Das Jahr, das wirklich weiterbringt
Anstelle eines Zivildienstes (ZD) eröffnet sich für anerkannte Kriegsdienstverweigerer die Möglichkeit, ein Freiwilliges Soziales Jahr (FSJ) oder ein Freiwilliges Ökologisches Jahr (FÖJ) zu
absolvieren.
Die wichtigsten Vorteile auf einen Blick
- Freiwilligen bieten sich im Gegensatz zum Zivildienst mehr Einsatzmöglichkeiten. Sie können sich nicht nur im sozialen und pflegerischen Bereich, sondern z.B. auch im kulturellen Feld oder im Kinder- und Jugendbereich engagieren.

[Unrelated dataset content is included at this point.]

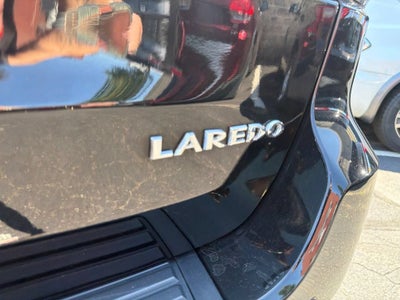 2019 Jeep Grand Cherokee Laredo E 4x4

- Beim Zivildienst dürfen Hilfstätigkeiten wie Küchenarbeit, Fahrdienst, Kopieren, Thekendienst o.ä. überwiegen. Im Freiwilligen Jahr als „Lernjahr“ werden Freiwillige für ihre Einsatzstelle qualifiziert. In einem passgenauen Seminarprogramm.
- Zivildienstleistende dürfen keinen Dienst leisten in einem Verein, in dem sie Mitglied sind, waren oder gearbeitet haben. Freiwillige hingegen mit Vorerfahrungen und Vorkenntnissen über Strukturen und Abläufe in der jeweiligen Einsatzstelle können diese nutzbringend in das FSJ/FÖJ einbringen.
- Für Freiwillige besteht mehr Flexibilität, wann sie mit dem FSJ/FÖJ starten wollen.
- Der Kindergeldanspruch bleibt beim Freiwilligen erhalten. Beim Zivildienstleistenden erlischt dieser.
Was wichtig ist zu wissen
Einige wichtige Merkmale für FSJ/FÖJ statt ZD:
- Die Erfüllung der Dienstpflicht ist bereits ab 16 ½ Jahre möglich.
- Der Freiwillige darf bei Antritt im FSJ/FÖJ nicht älter als 22 Jahre sein.
- Das FSJ/FÖJ muss 12 Monate dauern.
- Tauglichkeitsstufe 1 oder 2 muss vorliegen.
Mit Volunta das persönlich passende Einsatzfeld finden
Volunta als der größte Träger in Hessen für das Freiwillige Soziale Jahr bietet die größte Bandbreite an Einsatzfeldern mit den meisten Einsatzstellen.
Das Beratungsteam von Volunta besteht aus pädagogischen Profis, die die Freiwilligen
- persönlich beraten und betreuen,
- passgenau und individuell vermitteln,
- mit Bildungsprogrammen qualifizieren, die auf das Einsatzfeld zugeschnitten sind.